Skipped: test_committer_identity_web_flow already tests web-flow with correct user ID (19864447) and verifies set_check_success is called. Web-flow trust is tested.

webhook_server/libs/github_api.py:849 (qodo rule violation) — Token probe logs without traceback

Addressed: Fixed: Changed logger.warning to logger.exception for the rate-limit probe, providing full traceback.

webhook_server/tests/test_security_checks.py:323 (qodo bug) — AsyncMock not await-checked

Addressed: Fixed: Changed all async method assertions to use assert_awaited_once/assert_awaited_once_with in test_security_checks.py.

webhook_server/config/schema.yaml:104 (qodo bug) — Auto-trust claim inaccurate

Skipped: Schema description at line 104 accurately states that bot, web-flow, and API users are 'automatically included' — this matches the implementation in _build_trusted_committers().

webhook_server/libs/github_api.py:991 (qodo rule violation) — trusted-committers coerces non-strings

Skipped: Type coercion of int/float to string is intentional defense-in-depth for user-facing YAML config.

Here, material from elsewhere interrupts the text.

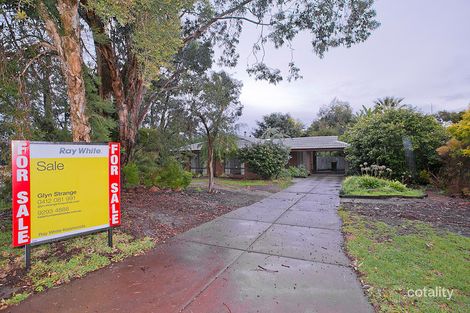 Property photo of 12 Alexander Close Lesmurdie WA 6076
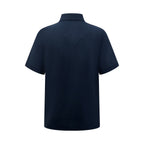 2026 New GS Logo Polo Shirt (BB821-A35)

While schema validates items: type: string, YAML - 123 is parsed as int by PyYAML. Coercing to string prevents silent failures. This pattern is consistent with the existing codebase.

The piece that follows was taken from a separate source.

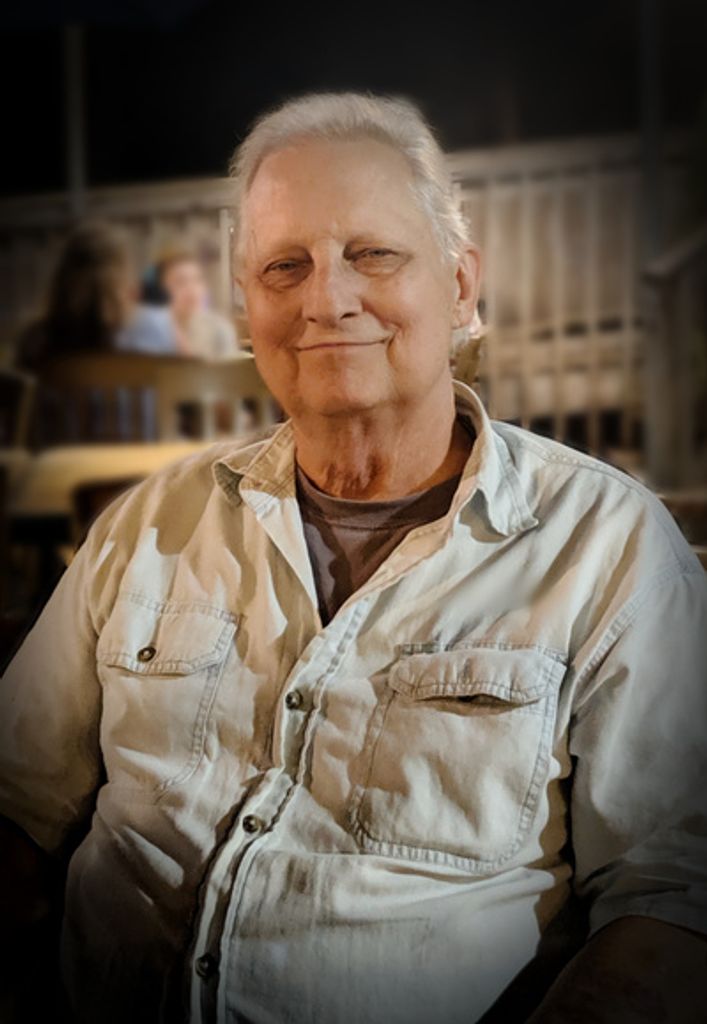 John L. Evans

webhook_server/libs/handlers/runner_handler.py:411 (qodo bug) — Non-string committer crash

Addressed: Fixed: Added or 'unknown' safety coercion after getattr(commit.committer, 'login', 'unknown') to handle the case where login attribute exists but is None.

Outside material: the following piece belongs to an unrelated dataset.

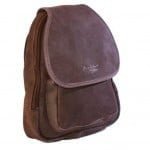 sac cuir homme ou femme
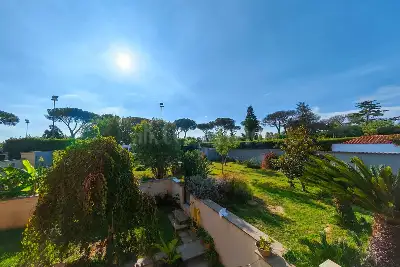 Villa Plurifamiliare in vendita, Via Cristoforo Colombo, Roma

Thanks — I see the decisions have been applied.

• Addressed: findings 1, 2, 9, 10, 11, 12
• Skipped: findings 3, 4, 5, 6, 7, 8, 13, 15, 16

If you want, I can also help re-check any of the skipped items or explain the remaining open findings in more detail.

[qodo-code-review]

Code review by qodo was updated up to the latest commit 8682eb0

[qodo-code-review]

Code review by qodo was updated up to the latest commit 7e45e74

[qodo-code-review]

Code review by qodo was updated up to the latest commit 72874d5

[qodo-code-review]

Code review by qodo was updated up to the latest commit 406d4dc

[rnetser]

/build-and-push-container

[myakove-bot]

New container for ghcr.io/myk-org/github-webhook-server:pr-1117 published

[rnetser]

Verification Results

Tested on running server with PR #1117 code deployed.

Feature	Status	How verified
Static trusted committer	✅ Pass	Added pre-commit-ci[bot] to config → security check passed
Dynamic: web-flow	✅ Pass	Edited file via GitHub web UI → committer identity check passed
Dynamic: API users	✅ Pass	Confirmed API user logins from github-tokens appear in trusted committers log
Dynamic: app_bot_login	✅ Pass	App bot login visible in trusted committers debug log
Untrusted mismatch still fails	✅ Pass	Verified before adding pre-commit-ci[bot] — check correctly failed
Case-insensitive matching	✅ Pass	All entries stored .lower() confirmed in debug log

/verified

[myakove-bot]

Successfully removed PR tag: ghcr.io/myk-org/github-webhook-server:pr-1117.